## REQUIRED WORK
Restate each record word for word, omitting whatever pictures it holds.

*** RECORDS FOR THIS TASK

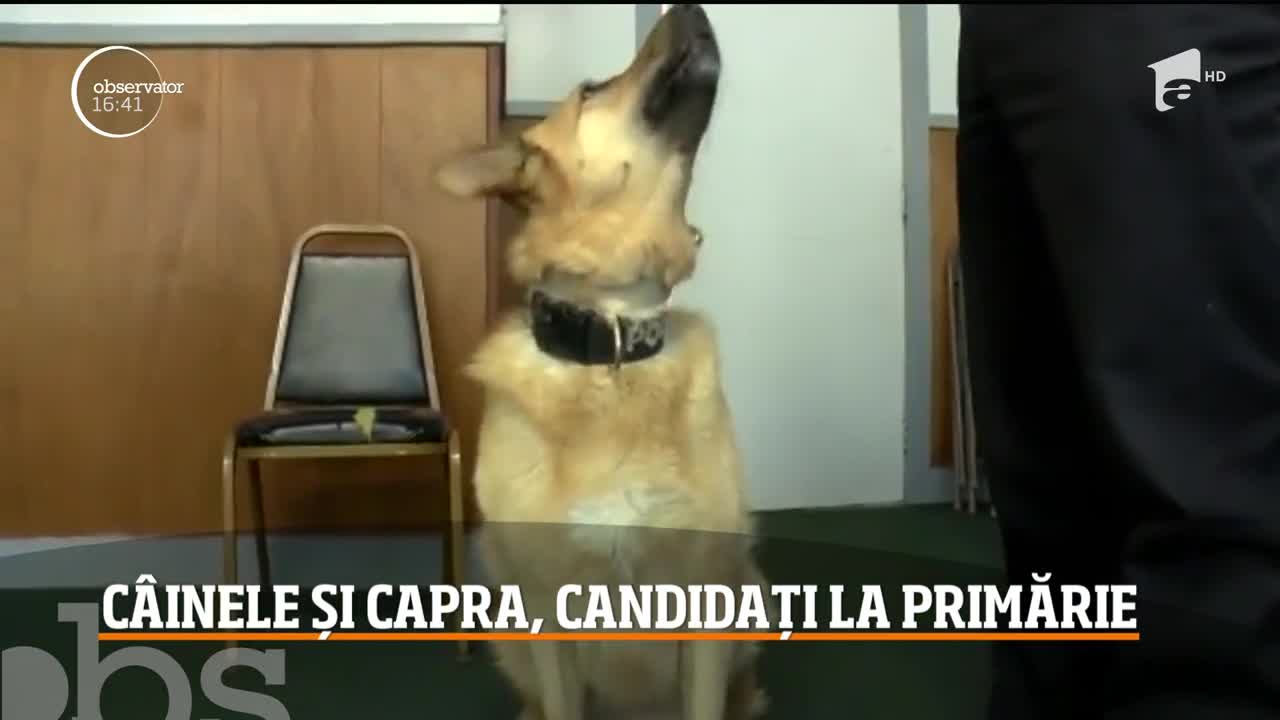 Un c&acirc;ine şi o capră, candidaţi pentru titlul de primar &icirc;n SUA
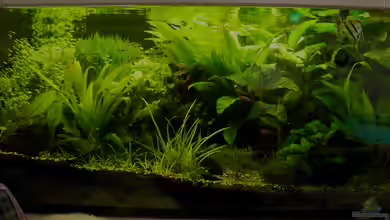 Mittleres Gesellschaftsbecken von DasJin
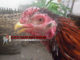 Cara Mengobati Penyakit Korep/Kurap Pada Ayam Bangkok Secara Cepat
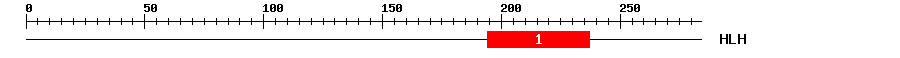Signature Domain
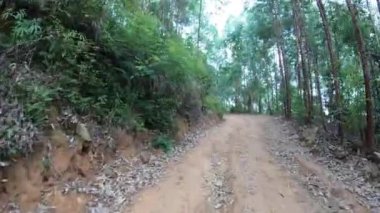 Yeşil ağaçlı orman yolu görüntüleri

******

## ANSWER TO THE PROBLEM
 Un c&acirc;ine şi o capră, candidaţi pentru titlul de primar &icirc;n SUA
 Mittleres Gesellschaftsbecken von DasJin
 Cara Mengobati Penyakit Korep/Kurap Pada Ayam Bangkok Secara Cepat
Signature Domain
 Yeşil ağaçlı orman yolu görüntüleri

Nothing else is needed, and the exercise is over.